■ What to work on
Print only the lines running from the line with "Baruja reaparece en" to the final line below, both included, exactly as written and without the pictures.

■ Information provided
#####
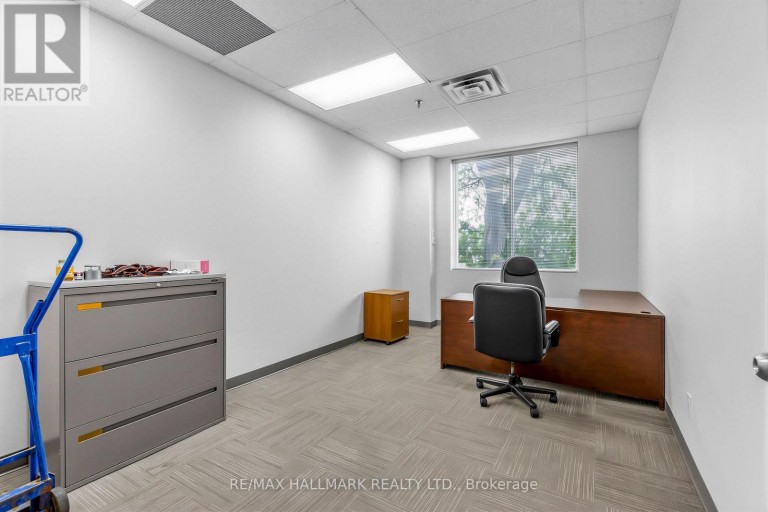103 - 30 KERN ROAD, Toronto (Banbury-Don Mills), Ontario, M3B1T1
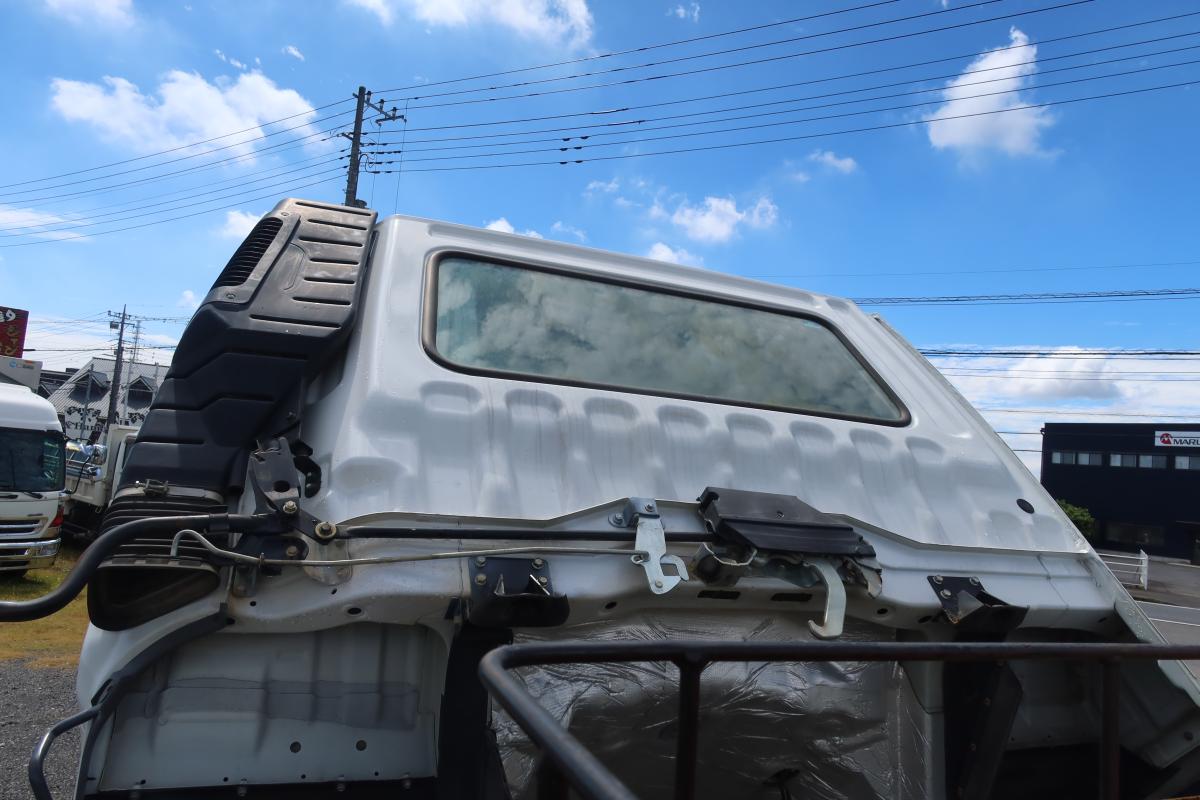 増トンショートキャブ 新明和製アームロール 積載7800kg|中古トラックの販売・買取・査定のアイナビ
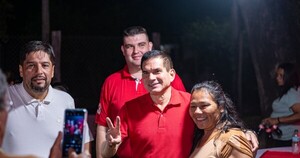 Baruja reaparece en Paraguarí para retomar la campaña de Galeano y cerrarle el paso a Zárate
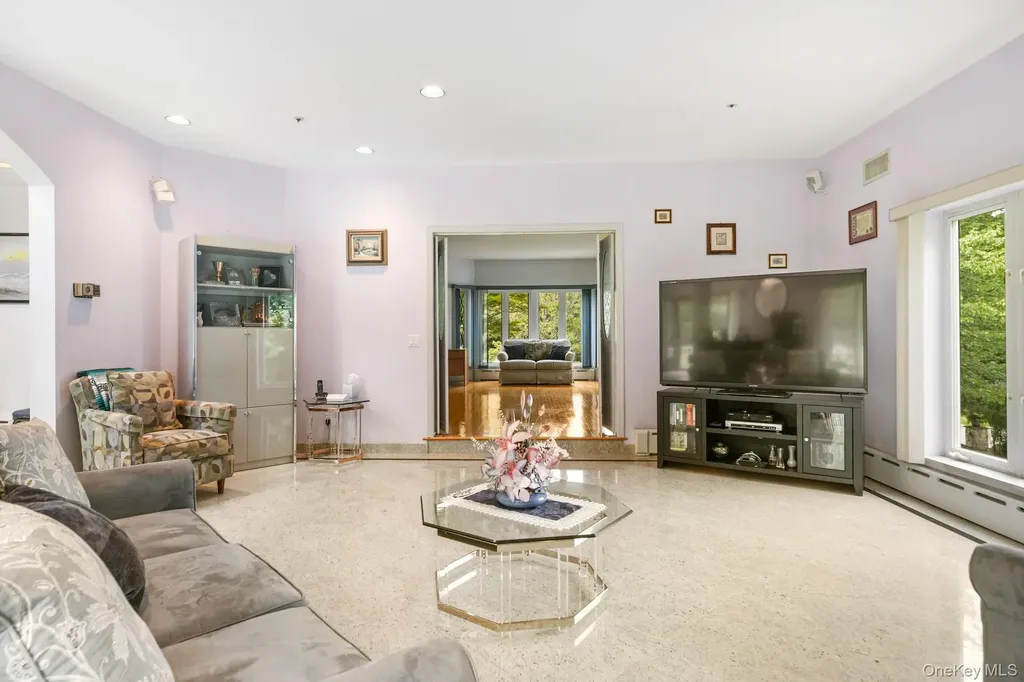 47 Westchester View Lane White Plains NY 10607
#####
■ Task solution
 Baruja reaparece en Paraguarí para retomar la campaña de Galeano y cerrarle el paso a Zárate
 47 Westchester View Lane White Plains NY 10607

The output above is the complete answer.